Le manque de travailleurs freine la croissance de Groupe Océan à L’Isle-aux-Coudres
Publié le 23 juillet 2025 à 16:10, modifié le 23 juillet 2025 à 16:10
Le gouvernement du Québec a annoncé hier un investissement de 145 millions $ dans Groupe Océan. Le chantier maritime de L’Isle-aux-Coudres pourrait en bénéficier, mais sa croissance est freinée par le manque de main-d’œuvre.

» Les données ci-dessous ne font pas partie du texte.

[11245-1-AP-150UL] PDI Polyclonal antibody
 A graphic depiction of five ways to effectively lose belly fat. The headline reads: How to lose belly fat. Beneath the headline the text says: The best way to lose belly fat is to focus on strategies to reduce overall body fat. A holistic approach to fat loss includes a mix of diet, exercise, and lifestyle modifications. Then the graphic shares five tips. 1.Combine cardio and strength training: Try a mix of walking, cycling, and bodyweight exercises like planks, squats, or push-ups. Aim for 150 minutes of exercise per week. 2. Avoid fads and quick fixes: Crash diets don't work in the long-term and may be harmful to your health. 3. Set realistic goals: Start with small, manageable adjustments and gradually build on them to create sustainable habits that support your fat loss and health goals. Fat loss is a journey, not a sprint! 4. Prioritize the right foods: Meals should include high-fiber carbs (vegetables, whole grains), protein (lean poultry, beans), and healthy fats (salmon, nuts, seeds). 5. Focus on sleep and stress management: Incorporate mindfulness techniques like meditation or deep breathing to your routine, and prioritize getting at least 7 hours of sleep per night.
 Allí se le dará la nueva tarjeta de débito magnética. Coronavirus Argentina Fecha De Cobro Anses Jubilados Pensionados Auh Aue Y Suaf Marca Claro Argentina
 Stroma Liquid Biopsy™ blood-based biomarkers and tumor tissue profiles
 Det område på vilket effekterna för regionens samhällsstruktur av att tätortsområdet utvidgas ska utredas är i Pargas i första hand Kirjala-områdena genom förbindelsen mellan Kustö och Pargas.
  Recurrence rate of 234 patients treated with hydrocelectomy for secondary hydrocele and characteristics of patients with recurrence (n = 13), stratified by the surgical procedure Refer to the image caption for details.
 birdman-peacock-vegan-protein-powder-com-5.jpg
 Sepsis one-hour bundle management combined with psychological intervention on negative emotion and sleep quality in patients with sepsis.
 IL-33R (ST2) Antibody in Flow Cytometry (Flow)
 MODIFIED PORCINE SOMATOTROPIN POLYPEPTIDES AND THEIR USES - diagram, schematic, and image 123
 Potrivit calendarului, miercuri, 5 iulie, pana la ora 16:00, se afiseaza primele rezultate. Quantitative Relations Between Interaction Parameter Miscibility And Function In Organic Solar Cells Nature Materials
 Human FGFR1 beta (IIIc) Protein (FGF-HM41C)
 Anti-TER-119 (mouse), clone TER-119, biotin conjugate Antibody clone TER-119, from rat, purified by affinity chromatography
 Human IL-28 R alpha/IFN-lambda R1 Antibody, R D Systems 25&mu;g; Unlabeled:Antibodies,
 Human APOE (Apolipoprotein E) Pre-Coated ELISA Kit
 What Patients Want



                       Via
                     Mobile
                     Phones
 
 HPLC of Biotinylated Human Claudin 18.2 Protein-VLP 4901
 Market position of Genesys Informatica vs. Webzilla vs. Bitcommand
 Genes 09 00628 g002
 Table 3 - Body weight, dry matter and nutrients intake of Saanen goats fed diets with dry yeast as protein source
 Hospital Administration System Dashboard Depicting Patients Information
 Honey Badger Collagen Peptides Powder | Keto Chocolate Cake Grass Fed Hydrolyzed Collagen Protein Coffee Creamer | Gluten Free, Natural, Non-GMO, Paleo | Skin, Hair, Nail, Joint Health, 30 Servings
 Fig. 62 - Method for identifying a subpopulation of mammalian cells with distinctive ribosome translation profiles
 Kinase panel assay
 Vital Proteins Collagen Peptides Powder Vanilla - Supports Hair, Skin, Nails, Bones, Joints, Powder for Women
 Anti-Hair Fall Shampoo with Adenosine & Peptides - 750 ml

Groupe Océan a le vent dans les voiles. L’entreprise de services maritimes peut maintenant compter sur deux nouveaux actionnaires de taille. La Caisse et Investissement Québec injectent d’importants fonds publics pour soutenir sa croissance et la maintenir en sol québécois.
« Les fonds, c’est vraiment pour assurer la relève de l’entreprise, pour garder l’actionnariat au Québec, pour vraiment protéger l’entreprise au Québec et l’aider dans ses projets de croissance », affirmait devant les médias Bicha Ngo, présidente directrice-générale d’Investissement Québec.
Groupe Océan voit des possibilités pour son chantier de L’Isle-aux-Coudres. S’il y avait plus d’employés, il pourrait fonctionner 24 heures sur 24, sept jours sur sept.
« Il n’y a pas d’investissement majeur de prévu, puis il n’y a pas d’investissements majeurs qui sont nécessaires non plus. Ce qu’on a besoin à L’Isle-aux-Coudres, c’est d’augmenter notre capacité de production. Ça veut dire avoir plus de gens, c’est ça qu’on a de la difficulté à avoir », concède le président et chef de la direction de Groupe Océan, Jacques Tanguay.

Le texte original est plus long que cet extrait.